The Universal Declaration of Human Rights addresses the issue of torture upfront in Article 5 that states that: ‘No one shall be subjected to torture or to cruel, inhuman or degrading treatment or punishment’.
Since the adoption of the Declaration in 1948, the international community has worked continuously on extending the legal and normative framework around the issue of torture. In 1975 the Declaration on the Protection of All Persons from Being Subjected to Torture and Other Cruel, Inhuman or Degrading Treatment or Punishment was passed by the General Assembly. It was followed by the Convention against Torture in 1984 and by its Optional Protocol in 2002. Currently the Convention against Torture has 81 signatories and 155 state parties.
As parts of its Human Rights Council candidacy pledge, Viet Nam committed to the ratification of the Convention against Torture. It has subsequently signed the Convention in November 2013 and is now taking steps to ratify it.
Ratifying and implementing a human rights convention requires a well prepared and inclusive national effort that involves all relevant agencies working together across institutional boundaries and mandates.
Specifically, the Convention against Torture will require a strong interaction between different institutions, including the Police, other public security agencies, the Supreme People’s Procuracy, the Supreme People’s Courts, and central and provincial government authorities. It is therefore essential that all institutions involved are well coordinated, are aware of their responsibilities and have the necessary means and resources to monitor and implement the Convention against Torture, once ratified.
Viet Nam’s newly revised Constitution guarantees protection against torture in its article 20. The ongoing revision of the criminal procedure laws present a key opportunity to align Viet Nam’s legal framework to the principles enshrined in the Constitution as well as the international norms of the Convention, including the establishment of rules that forbid the use of evidence obtained by torture, and a mechanism to investigate, report and prosecute crimes involving torture.
Even though the ratification and implementation of human rights conventions is primarily the responsibility of the government, the contribution of non-state actors is crucial. As the experiences from other countries have shown, at the national level, civil society can play an important part in supporting discussions on how best to develop preventive mechanisms and how to build effective monitoring systems. Lawyers
Associations can support the development of relevant legislation; the media can raise national awareness on the Convention; and academic institutions can develop national expertise.
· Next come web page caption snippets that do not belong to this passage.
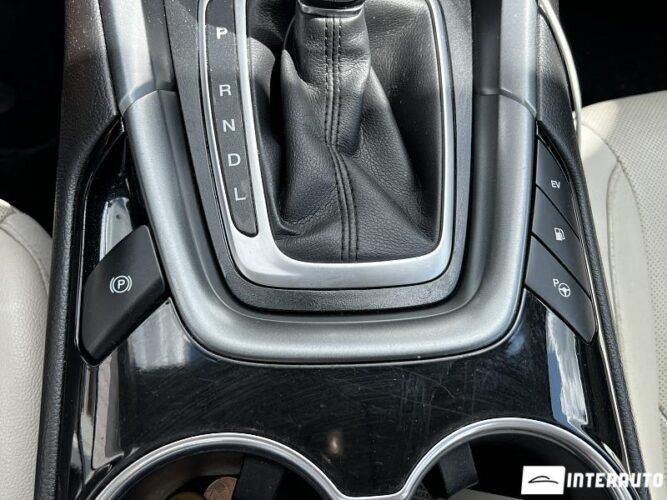 Ford Fusion 46 interauto-car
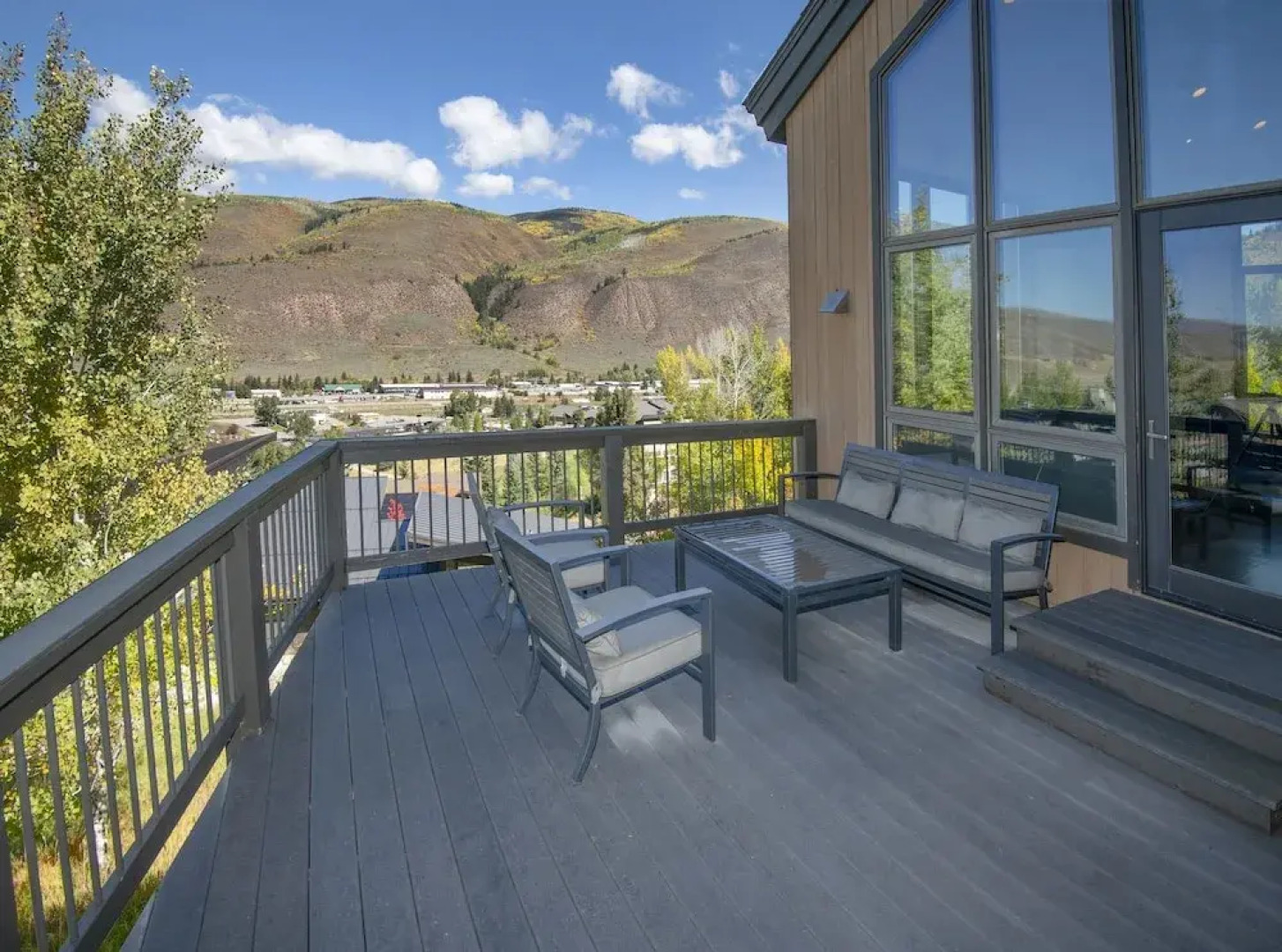 814 Eagle Dr. 4 Bedroom Home by RedAwning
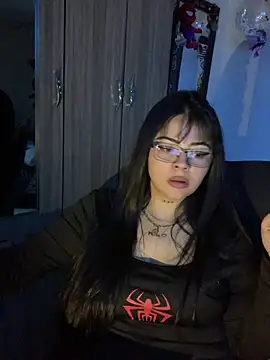 lilith__immaculatte live cam on StripChat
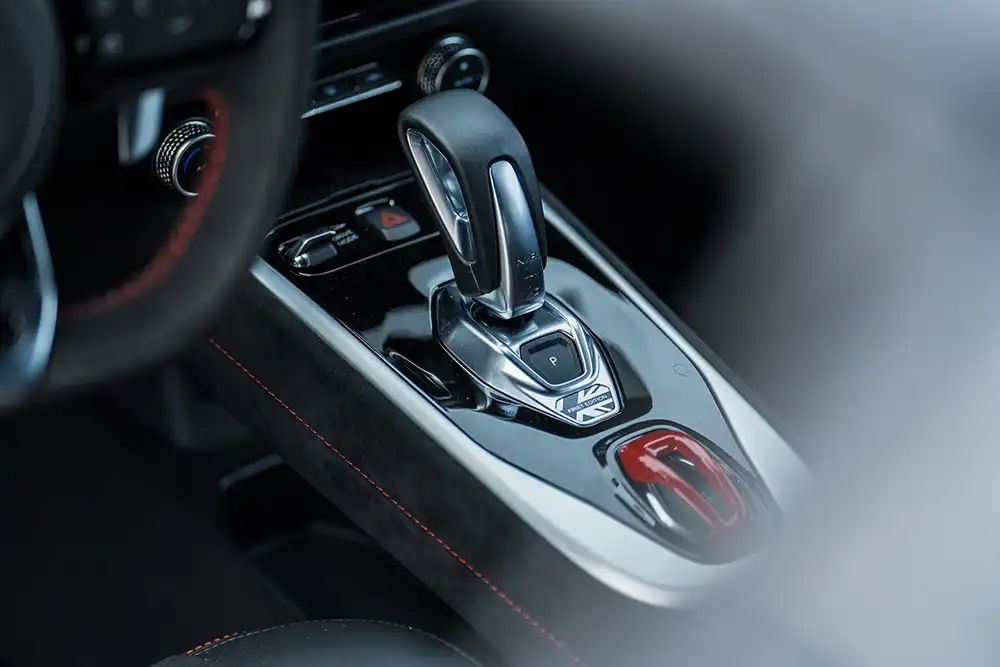 Das Doppelkupplungsgetriebe ist beim Vierzylinder Standard, eine Handschaltung ist nicht zu haben. Foto: Lotus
I am very happy to see that today’s event is attended also by civil society representatives. In order to provide as many organisations and officials as possible with access to information on the Convention, two more workshops with a focus on the Convention Against Torture will be organised in 2014, in Lam Dong and in Ho Chi Minh City.
The United Nations System as a whole looks forward to supporting Viet Nam in becoming the next country to ratify the Convention against Torture. Let me also take this opportunity to wish you a successful UPR review at the Human Rights Council on 20 June in Geneva.
I wish all participants good health, happiness, peace and a very successful workshop.